Get those timings down to 14, and it'll be pretty damn respectable. Even at 3200/16, you're doing way, way better than the vast crowds out there running 2133 or 2400 on Ryzen. Just to put things into perspective.

 

[lorry]

You have to expand the first text column in HWInfo to see the CPPC and scheduler core rankings. Though from what your RM screenshot shows, you're doing pretty well for yourself. My Core 0 is dead last in both rankings, so in applications that won't have their loads shifted off Core 0, I'm at an inherent slight disadvantage on account of losing the lottery.

3200MT/s is the "frequency" (strictly speaking, 1600MHz is) not your timings. 16-18-18-36 are your main timings, and you'll need to figure them and the subtimings out in BIOS and Ryzen Master. 3200 with timings around 14 as opposed to 16 will get you into the range of the other normal B-die kits out there.
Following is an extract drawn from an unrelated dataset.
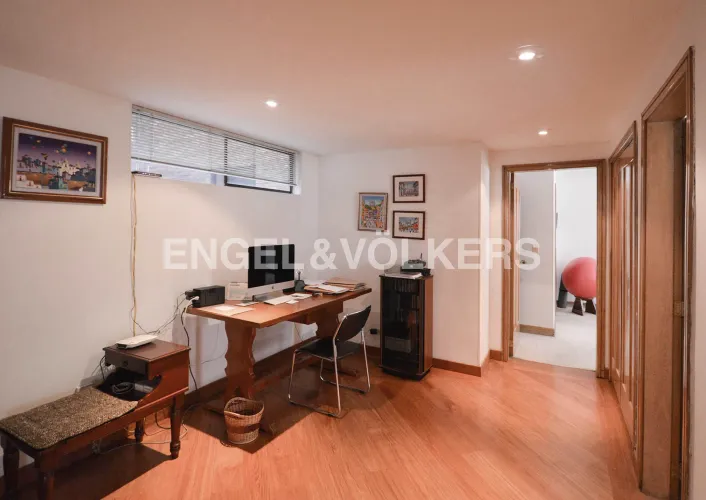Apartamento de 3 alcobas en venta en Los Rosales, Bogotá, 235 m² · foto 9 de 9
"Rubbish" from buildzoid is something you'll have to find out for yourself, as he deals mostly in pretty hardcore overclocking as is evident from the channel name. A lot of Corsair's B-die is poorly-binned B-die, or in other words, the B-die that the more elite companies like G.Skill wouldn't touch with a ten-foot-pole. That plays a part in why the XMPs on Corsair B-die are rated about the same speeds and latencies as other companies' non-Bdie SKUs.

Get those timings down to 14, and it'll be pretty damn respectable. Even at 3200/16, you're doing way, way better than the vast crowds out there running 2133 or 2400 on Ryzen. Just to put things into perspective.
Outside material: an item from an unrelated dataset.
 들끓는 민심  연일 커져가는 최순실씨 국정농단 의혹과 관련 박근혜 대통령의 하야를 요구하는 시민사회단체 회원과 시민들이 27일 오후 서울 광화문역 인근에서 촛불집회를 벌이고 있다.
is this what you mean? It didn't look as it they would expand at first. You say both ranking? Do you mean Ryzen and Windows rankings? My core 0 is perf #1/2, core 1 perf #1/1, are they the two rankings?


Oh, I'm aware that I either got lucky and I'm not complaining in the slightest. What I am doing is learning about what is going on, and more importantly, why.
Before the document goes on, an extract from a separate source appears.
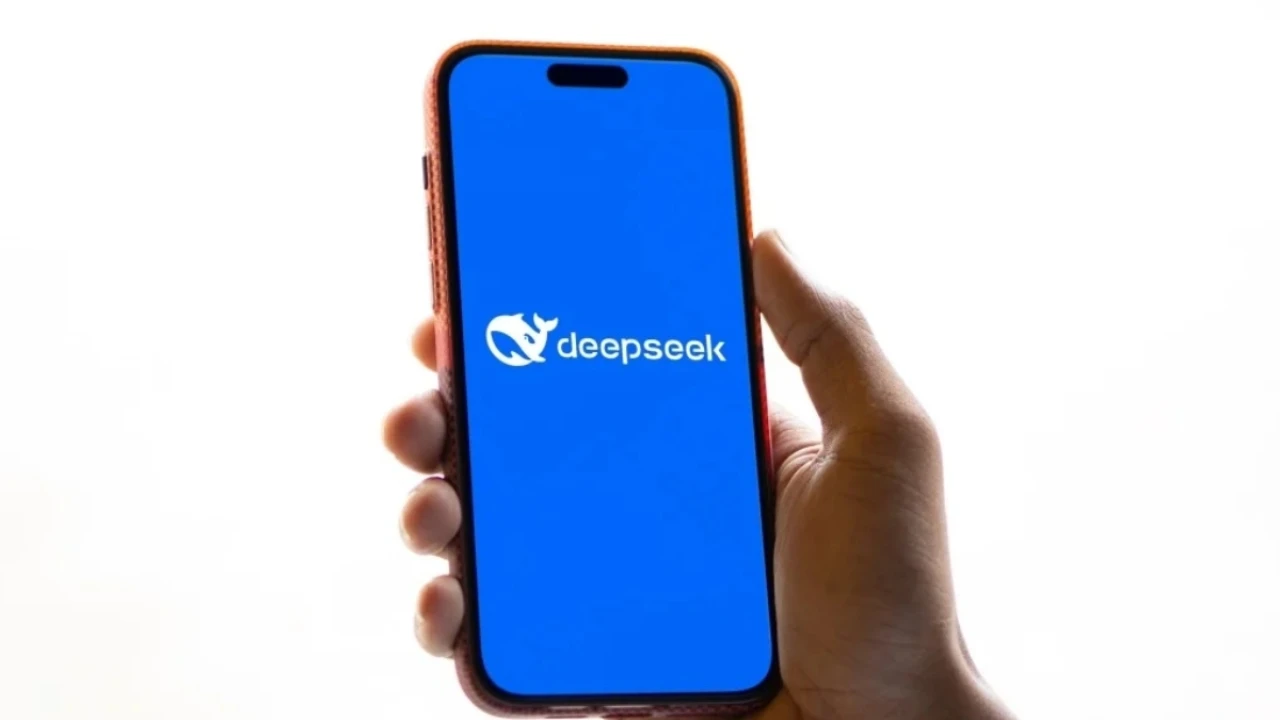 iPhone kullanıcıları dikkat! DeepSeek uygulamasında güvenlik açıkları bulundu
The ram was the very first thing that I bought for this rig and at the time I only knew enough to realise that it was 'respectable' and even then it was only two sticks. I then found out about the different dies and found another B die to 'match', considering that it's not on Gigabytes vendors list I'm happy that it even runs at 3200, lol. If I can get the timings down and the speed up to say 3400 I'll be damn pleased, if not it's still way way better than anything I've had. My last build to this was back in the mists of time, an Am486 DX4-100 ! Only had laptops until now, so this was quite a jump in learning what was needed and what worked with what!

 

[Zach_01]

You hit the lottery because you

Re the reported boost of 4850, yes, I posted screenshots above and do so here to save going hunting for them

I know that this is only PBO being enabled and then Max CPU Boost Override being set to 200MHz (is that the way to do it? Or is it one or the other and not both?), but that could confuse people as they might then expect the max boost to actually be 4850. BTW even before applying the Max CPU Boost Override, my 'CPU OC Max in HW was still showing 4650, which I thought somewhat odd?
My bus clock is always on 100MHz, that never changes at all from what I have seen.

So to potentially improve speeds I would need to increase the timings of my Ram from 3200 to hopefully 3600? I say hopefully as I know that Bill Zoid calls the Corsair B die Dominator ram 'rubbish' so I don't know what to expect when/if I get around to that.

It would seem that CCD0 is a pretty good chiplet as it would seem as though 1 of the cores (core 0), 2 of the cores will hit 4.575 and 3 reach 4.550, according to HW.
I noted on that thread on HW site that the coder said that 1usmus's power plan did not cure the problem and I'm not too sure why he came to that conclusion. The workload does seem to be spread fairly evenly across my first four cores

I am wondering just how many more bios updates there will be before they are considered 'fixed', as from various threads that I have read, there does seem to be a number of confused users.

Yes but you dont actually getting speeds anything above 4600... are you?

Like mine. CPU OC Max says 4400 but never saw anything above 4200.

 

[lorry]

You hit the lottery because you

Yes but you dont actually getting speeds anything above 4600... are you?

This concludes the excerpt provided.